Content starts

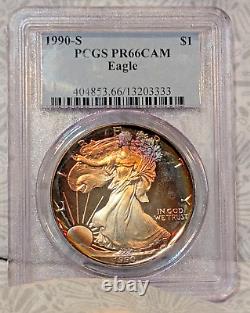 1990-S PCGS PR66 Cameo Monster Dual Sided Rainbow Tone Silver Eagle One Oz Color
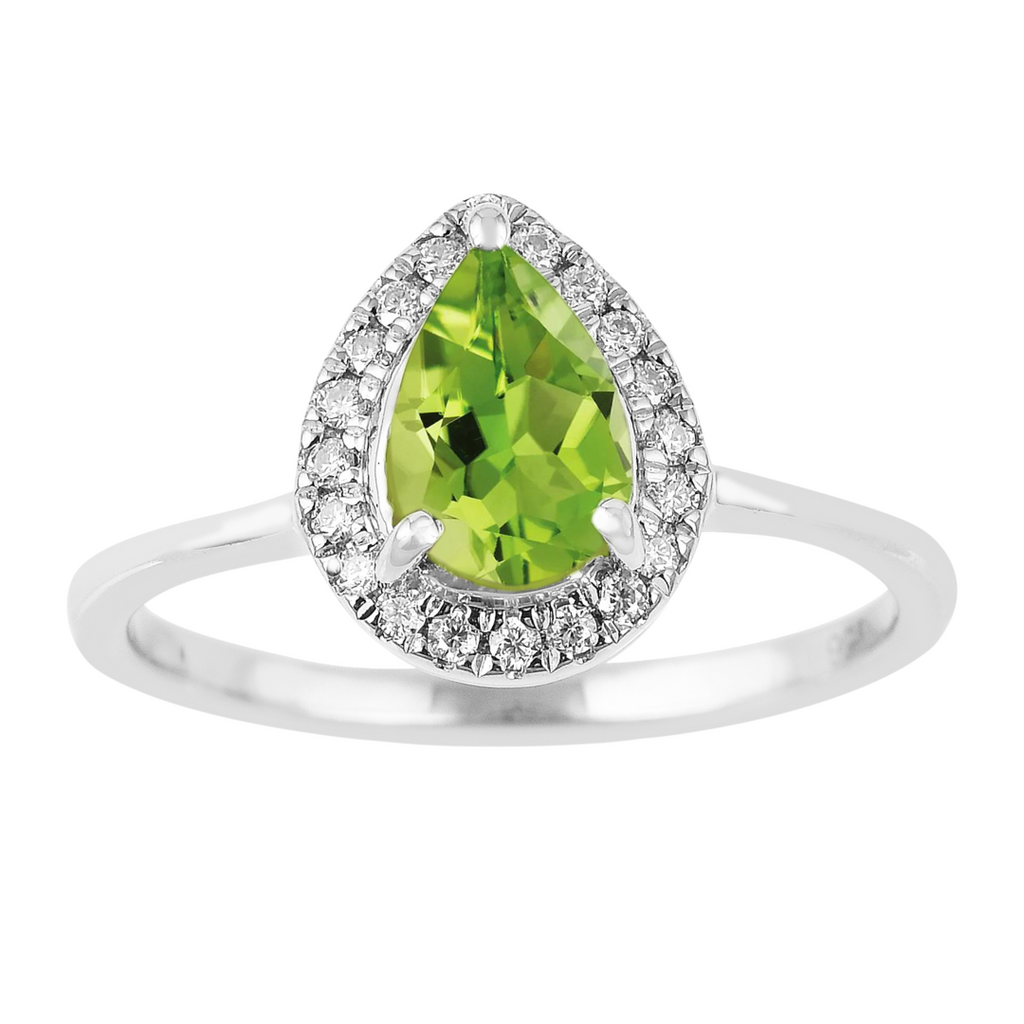 Natural Green Peridot Teardrop Halo Ring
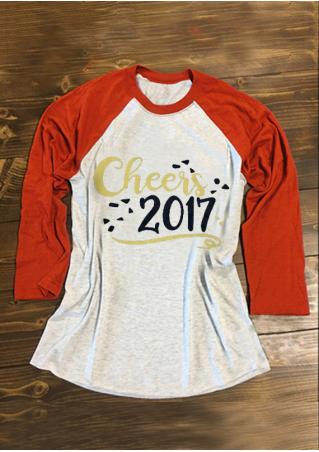 Cheers 2017 Printed Splicing O-Neck T-Shirt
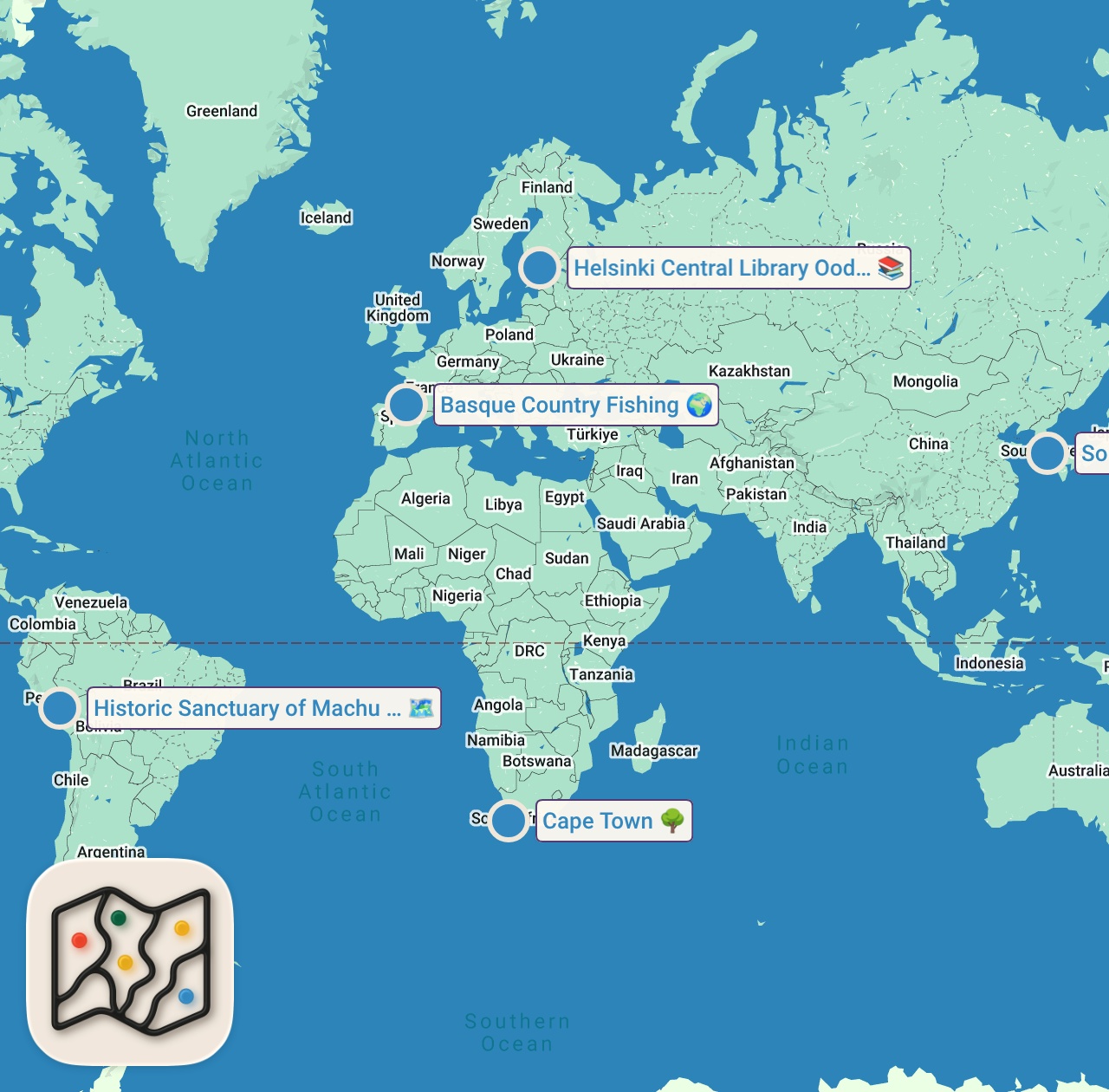 Map of 5 spots from Laos Top Travel Street Food Guide
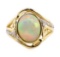 3.12 ctw Opal and Diamond Ring - 14KT Yellow Gold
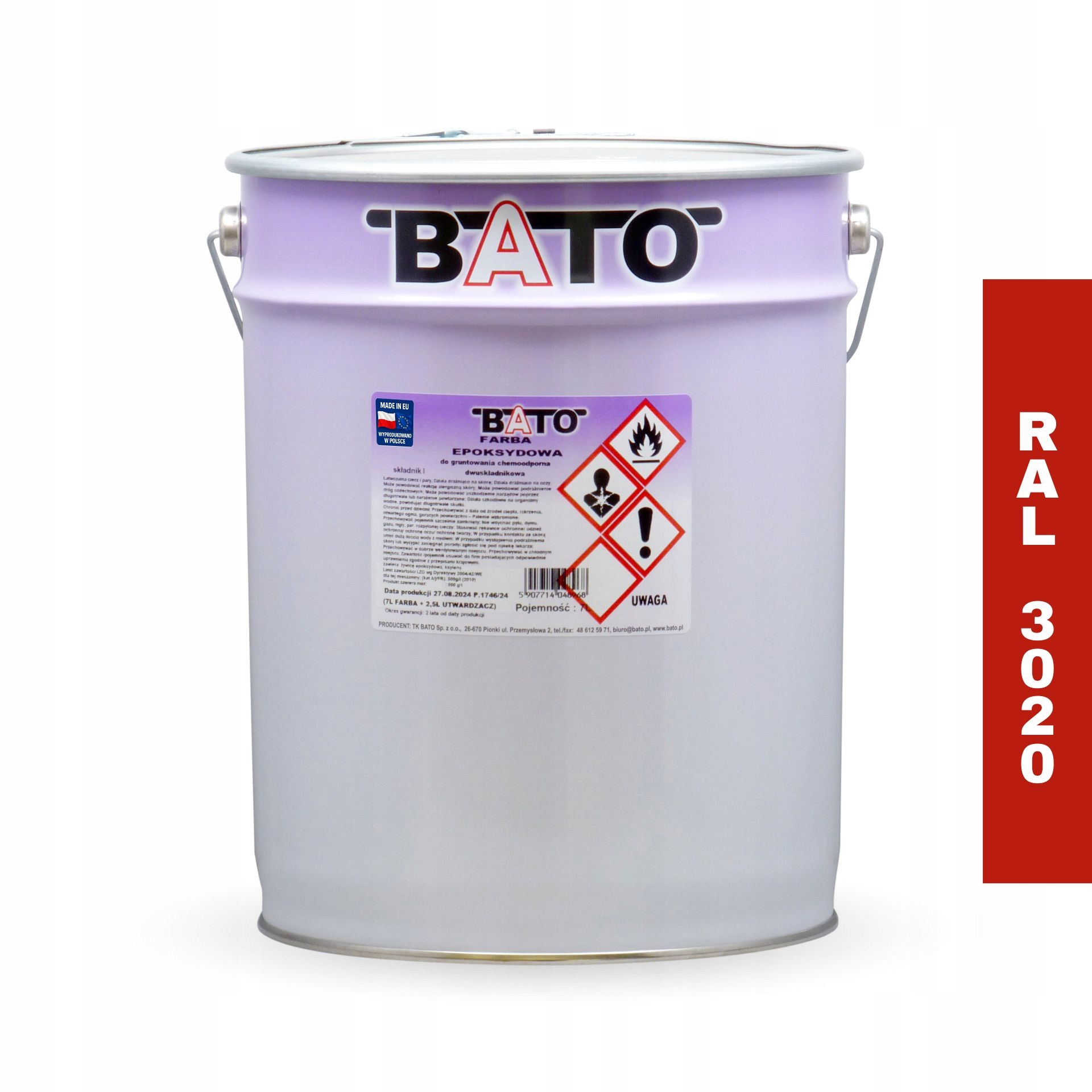 Barva pro chemorezistentní nátěr dvousložková Ral 3020 9,5L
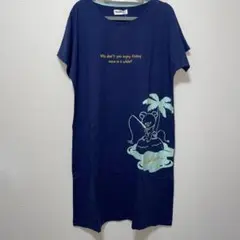 新品　サンリオ　リラックマ パジャマ ワンピース　ネイビー 半袖　Lのサムネイル
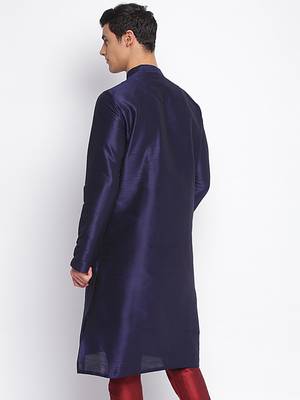 Deep Blue plain Pattern Straight men kurta 4
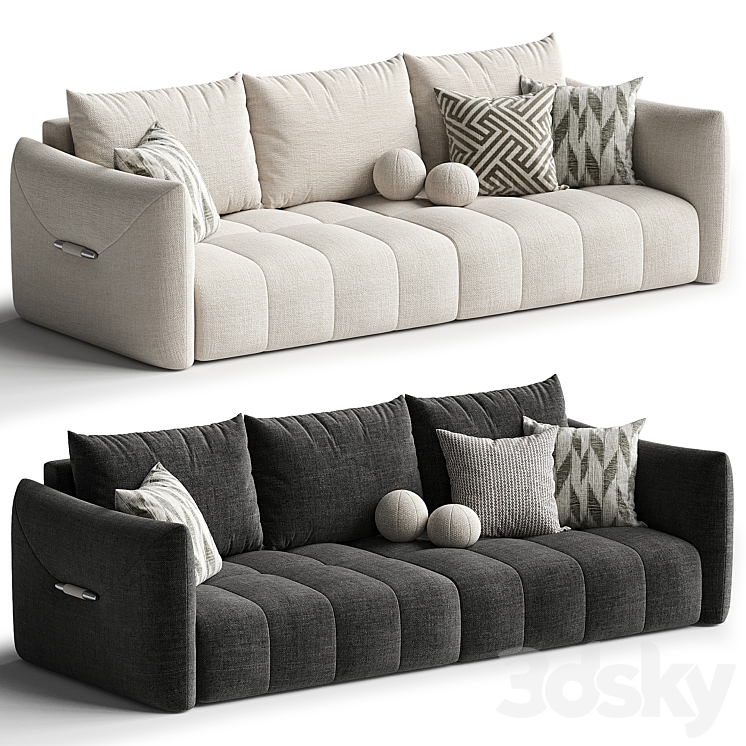 “Beige Flannel Square Arm Sofa with Latex Seat Fill & Pillow Back Design””” 3DS Max Model - thumbnail 2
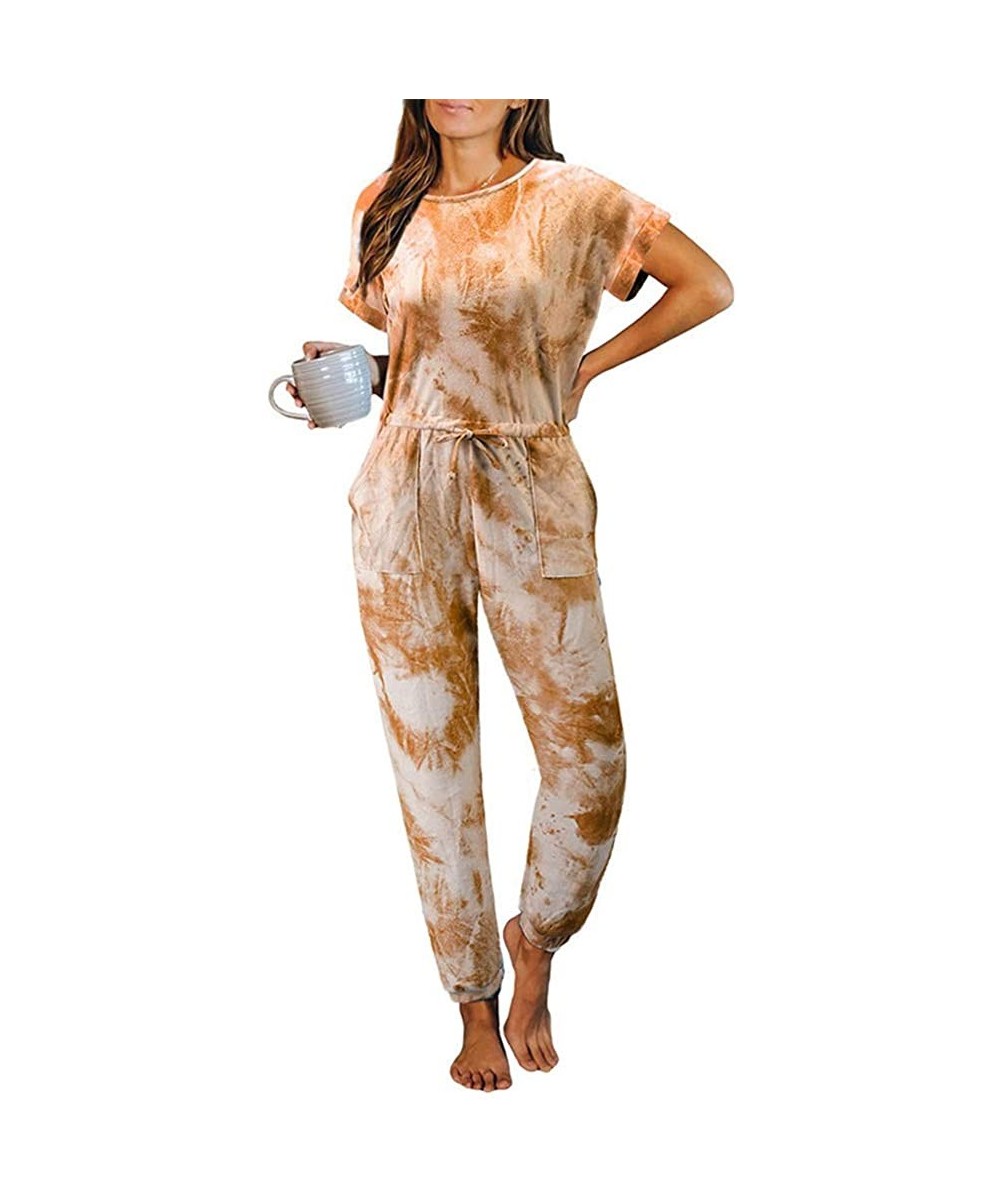 Sets Womens Tie Dye Printed Long Pajamas Set One Piece Short Sleeve PJ Sets Jumpsuit Loungewear Nightwear - Yellow - CH1988297I2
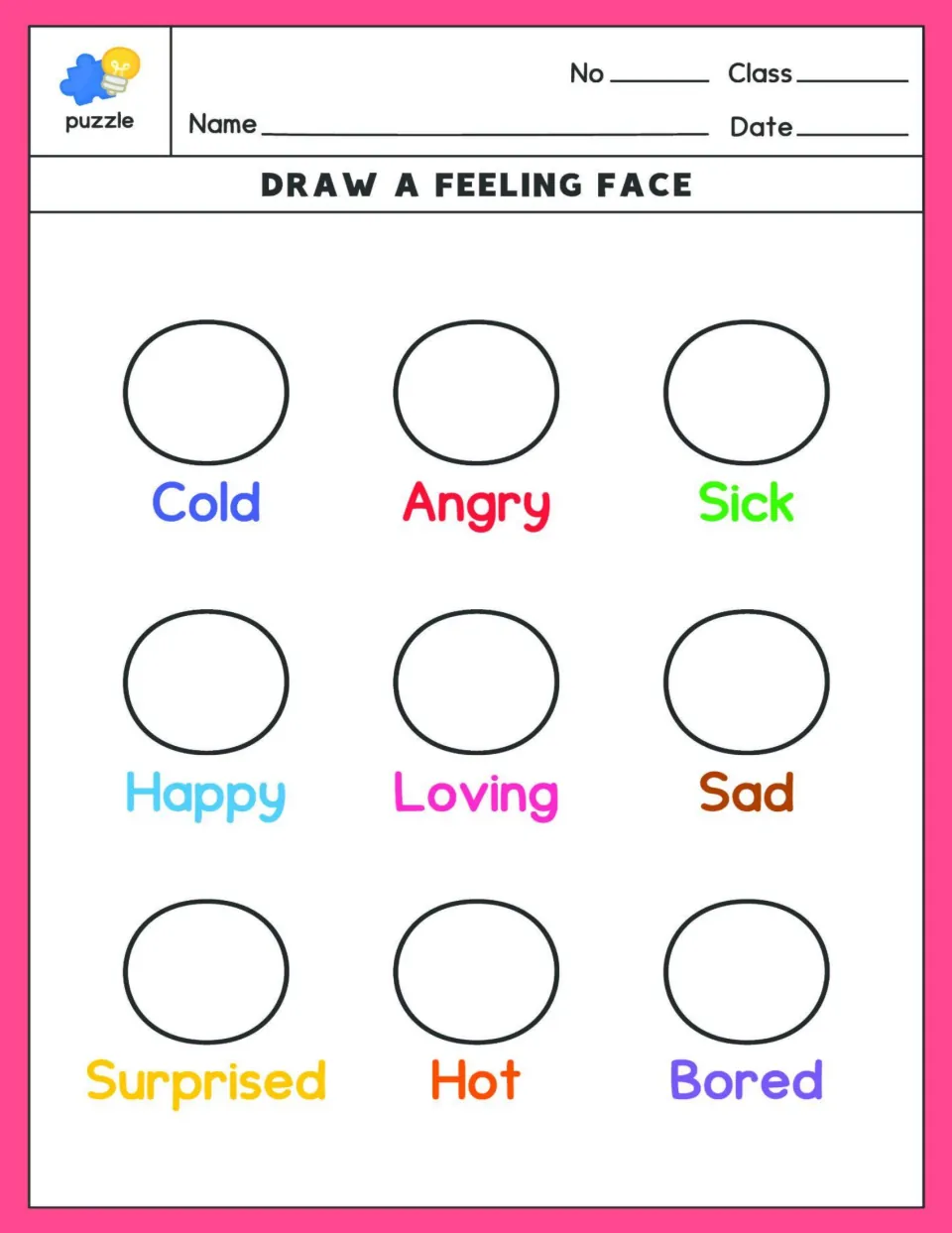 Feeling-face drawing sheet: cold, angry, sick, happy, loving, sad, surprised, hot, and bored prompts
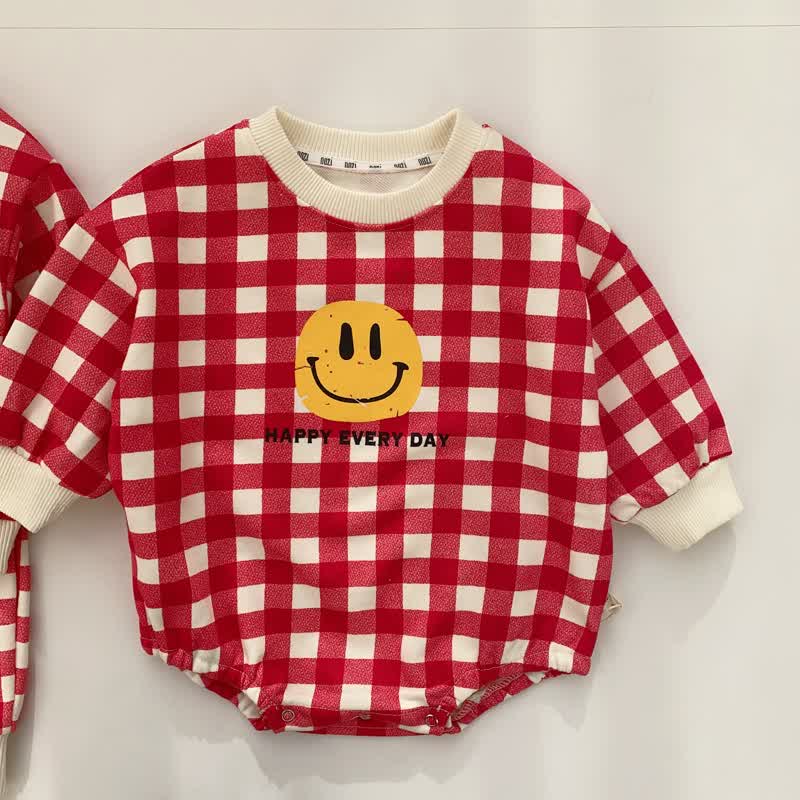 HAPPY EVERY DAY Baby Smiley Plaid Bodysuit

Content ends

_TASK INSTRUCTIONS_. Pictures excluded, repeat the records exactly from their opening line through the line containing "Sets Womens Tie".

_ANSWER SECTION_.
 1990-S PCGS PR66 Cameo Monster Dual Sided Rainbow Tone Silver Eagle One Oz Color
 Natural Green Peridot Teardrop Halo Ring
 Cheers 2017 Printed Splicing O-Neck T-Shirt
 Map of 5 spots from Laos Top Travel Street Food Guide
 3.12 ctw Opal and Diamond Ring - 14KT Yellow Gold
 Barva pro chemorezistentní nátěr dvousložková Ral 3020 9,5L
 新品　サンリオ　リラックマ パジャマ ワンピース　ネイビー 半袖　Lのサムネイル
 Deep Blue plain Pattern Straight men kurta 4
 “Beige Flannel Square Arm Sofa with Latex Seat Fill & Pillow Back Design””” 3DS Max Model - thumbnail 2
 Sets Womens Tie Dye Printed Long Pajamas Set One Piece Short Sleeve PJ Sets Jumpsuit Loungewear Nightwear - Yellow - CH1988297I2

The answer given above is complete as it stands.